*** Opening GIVEN INFORMATION ***
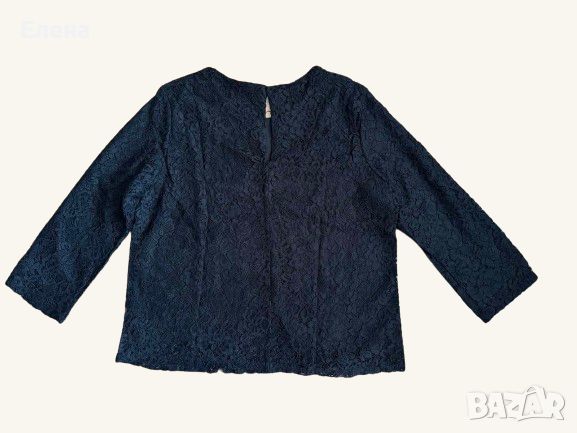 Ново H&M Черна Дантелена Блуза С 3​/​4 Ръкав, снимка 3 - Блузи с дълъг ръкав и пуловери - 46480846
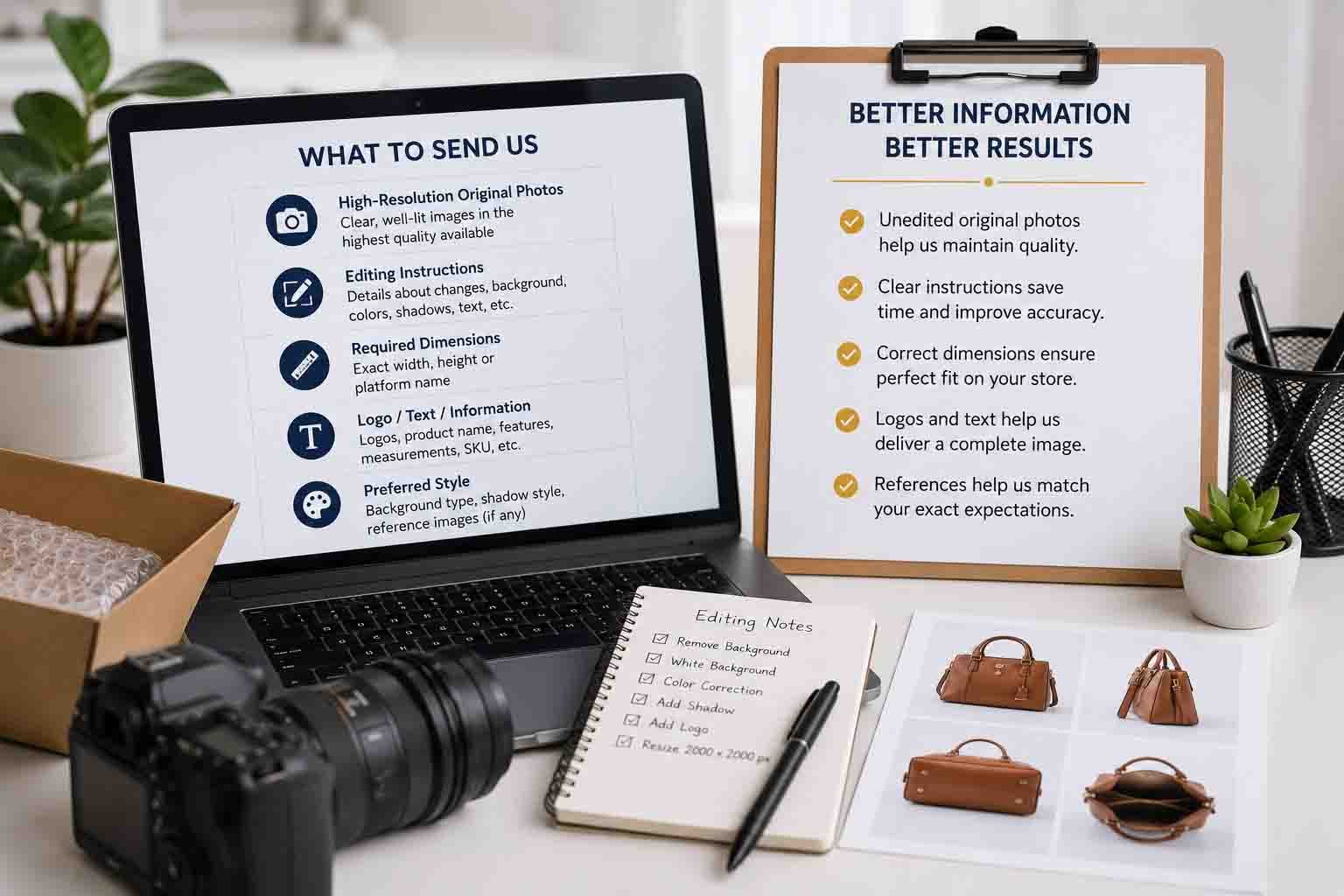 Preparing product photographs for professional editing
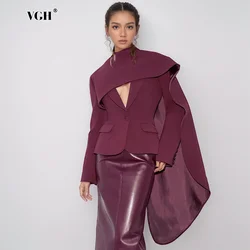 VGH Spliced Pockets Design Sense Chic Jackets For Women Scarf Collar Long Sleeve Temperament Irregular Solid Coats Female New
*** Closing GIVEN INFORMATION ***
EXERCISE DIRECTIONS: The whole listing should be transcribed exactly, though its pictures must be left out.

WRITTEN REPLY:
 Ново H&M Черна Дантелена Блуза С 3​/​4 Ръкав, снимка 3 - Блузи с дълъг ръкав и пуловери - 46480846
 Preparing product photographs for professional editing
 VGH Spliced Pockets Design Sense Chic Jackets For Women Scarf Collar Long Sleeve Temperament Irregular Solid Coats Female New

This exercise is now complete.